## [What the task asks]
Starting at the line that contains "Moda Zarif Büyük", write out every line through the last one in the records below, word for word. Leave out any pictures.

[Captioned web image data]
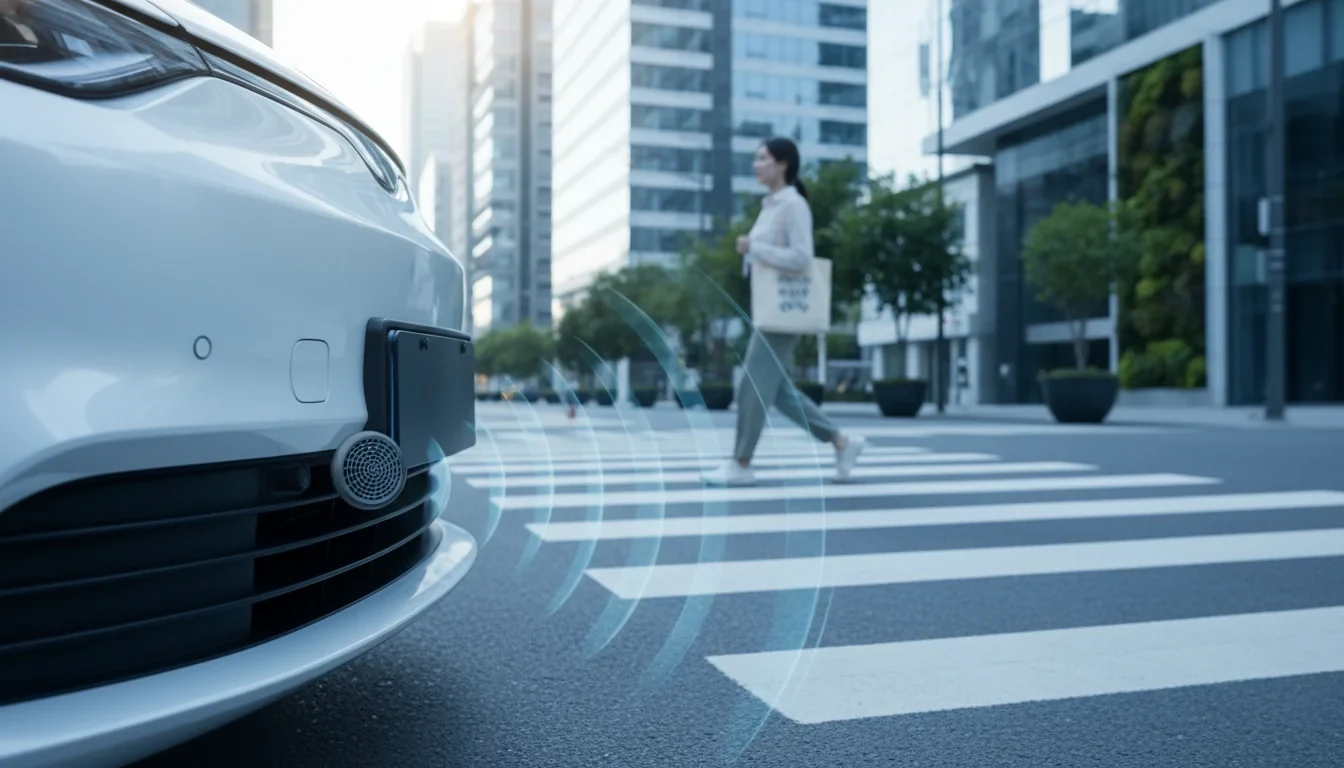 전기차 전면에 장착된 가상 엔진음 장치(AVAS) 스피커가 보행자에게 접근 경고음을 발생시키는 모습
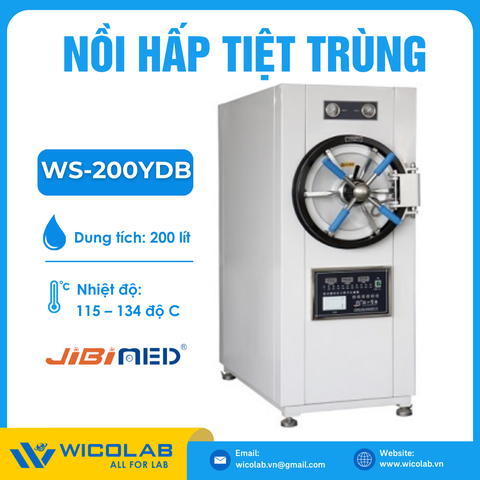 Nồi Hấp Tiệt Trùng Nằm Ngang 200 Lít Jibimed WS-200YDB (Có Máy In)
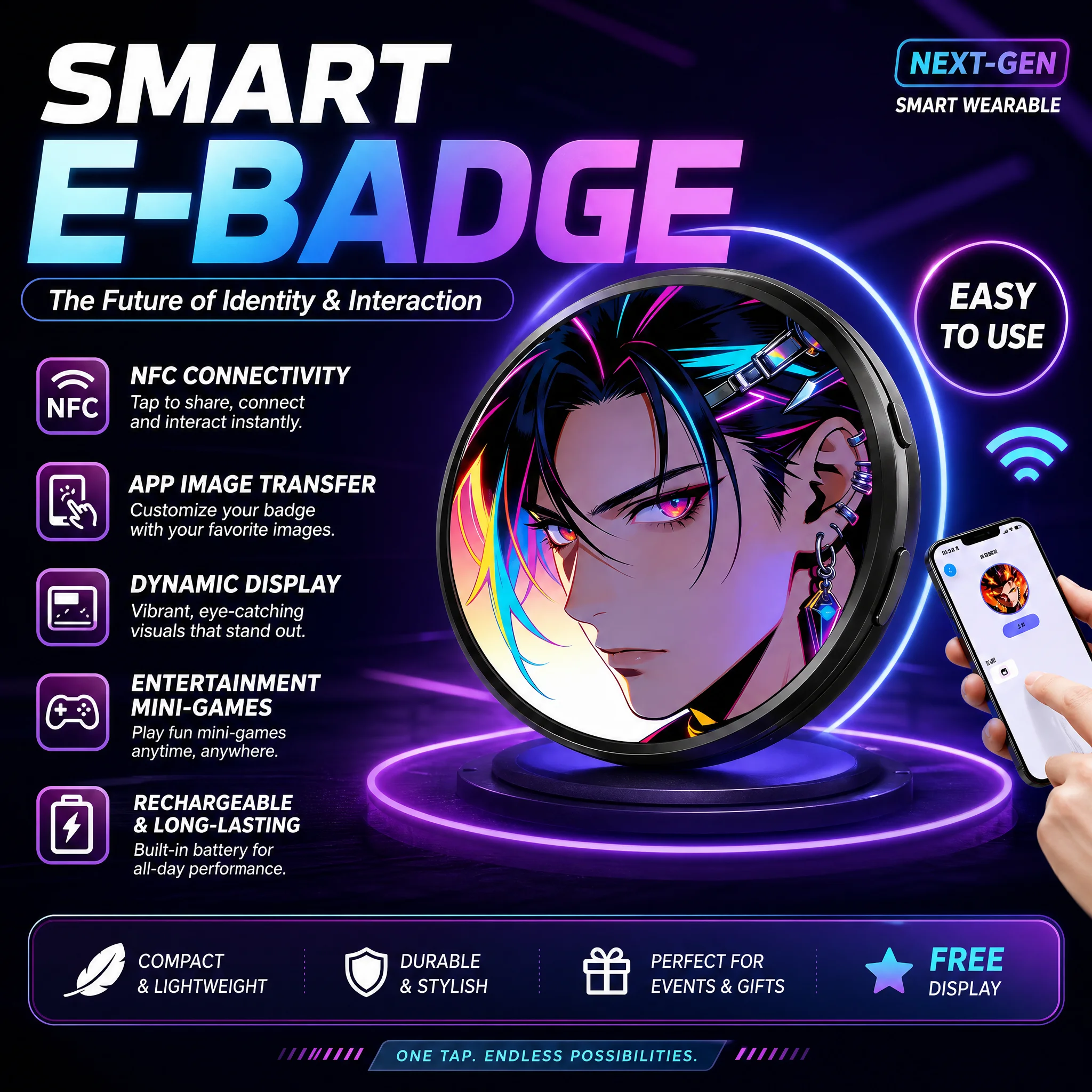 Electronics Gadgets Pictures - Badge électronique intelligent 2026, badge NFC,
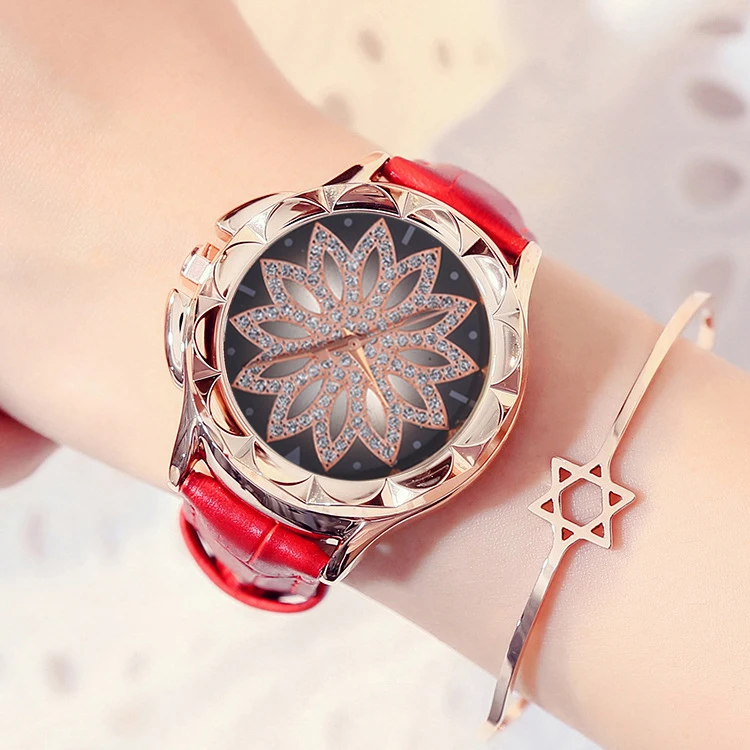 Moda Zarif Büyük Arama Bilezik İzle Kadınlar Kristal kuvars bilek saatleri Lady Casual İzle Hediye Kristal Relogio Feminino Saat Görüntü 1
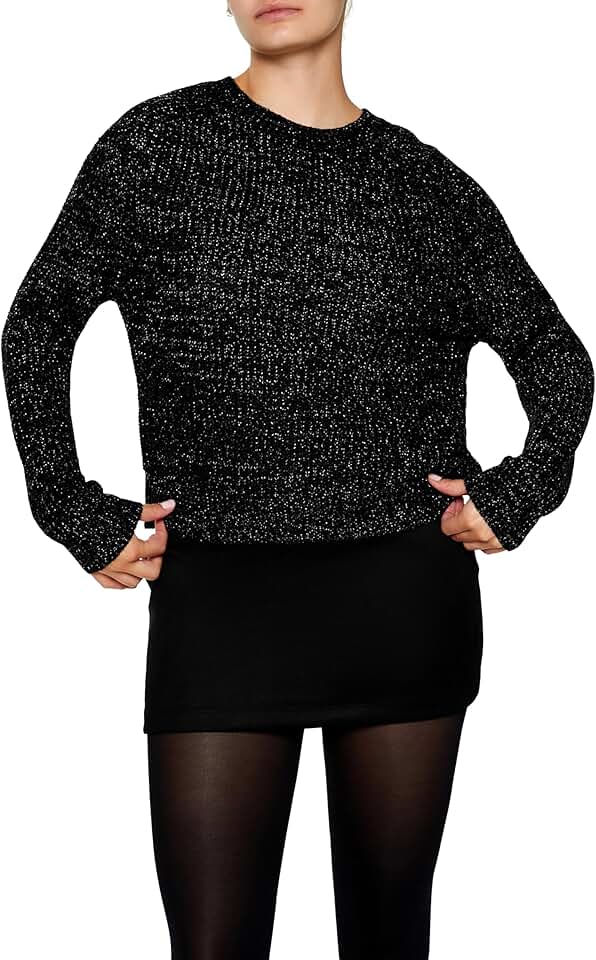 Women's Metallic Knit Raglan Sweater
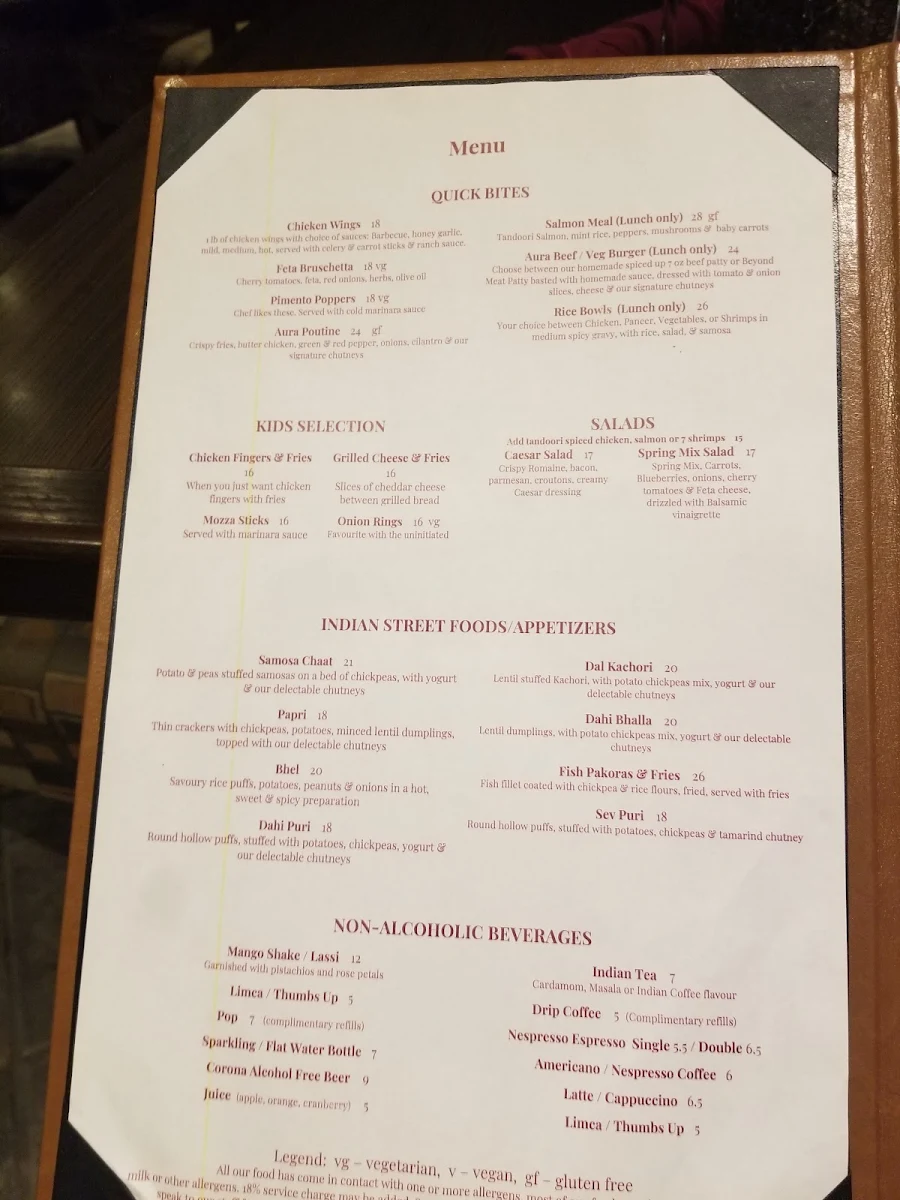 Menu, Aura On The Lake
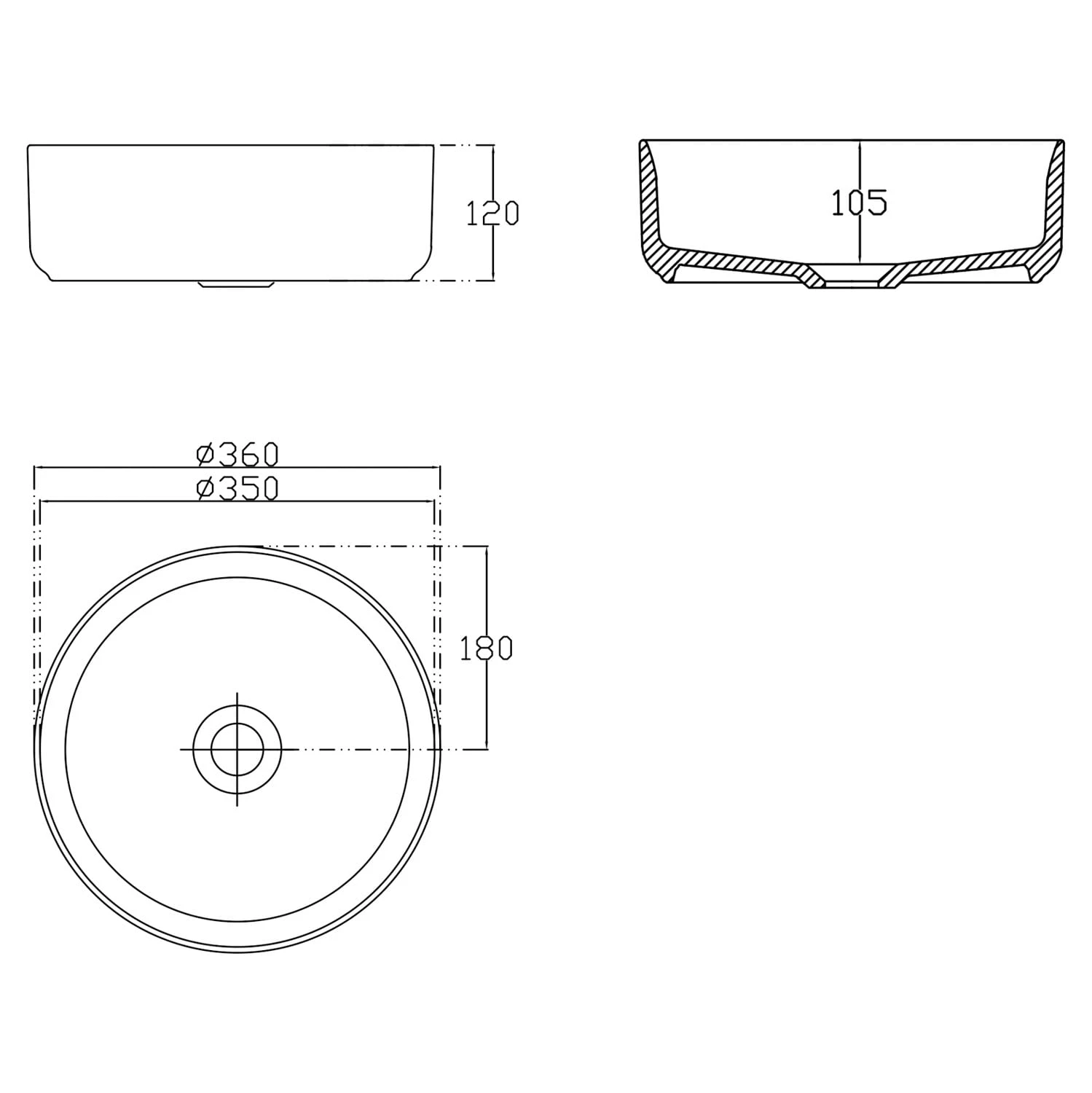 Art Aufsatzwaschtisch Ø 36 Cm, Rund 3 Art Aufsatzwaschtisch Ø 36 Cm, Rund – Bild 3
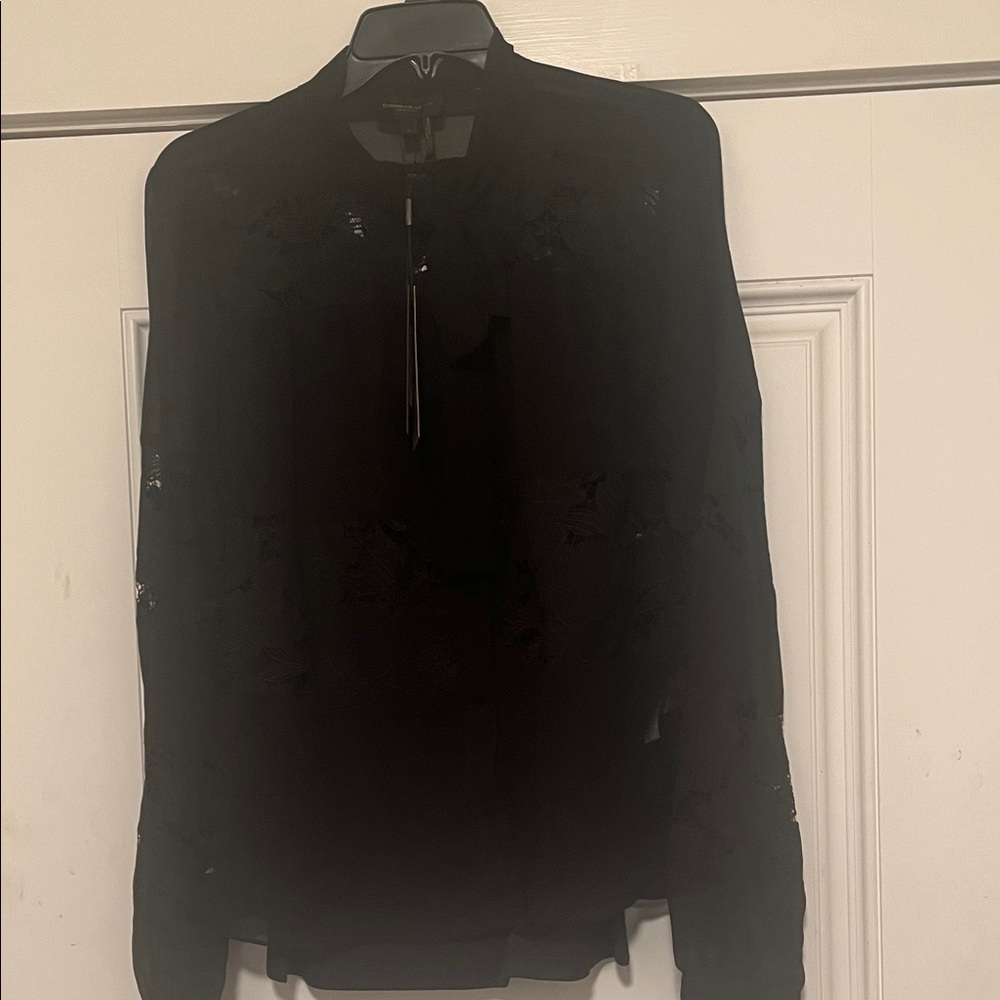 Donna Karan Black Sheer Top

## [Answer box]
 Moda Zarif Büyük Arama Bilezik İzle Kadınlar Kristal kuvars bilek saatleri Lady Casual İzle Hediye Kristal Relogio Feminino Saat Görüntü 1
 Women's Metallic Knit Raglan Sweater
 Menu, Aura On The Lake
 Art Aufsatzwaschtisch Ø 36 Cm, Rund 3 Art Aufsatzwaschtisch Ø 36 Cm, Rund – Bild 3
 Donna Karan Black Sheer Top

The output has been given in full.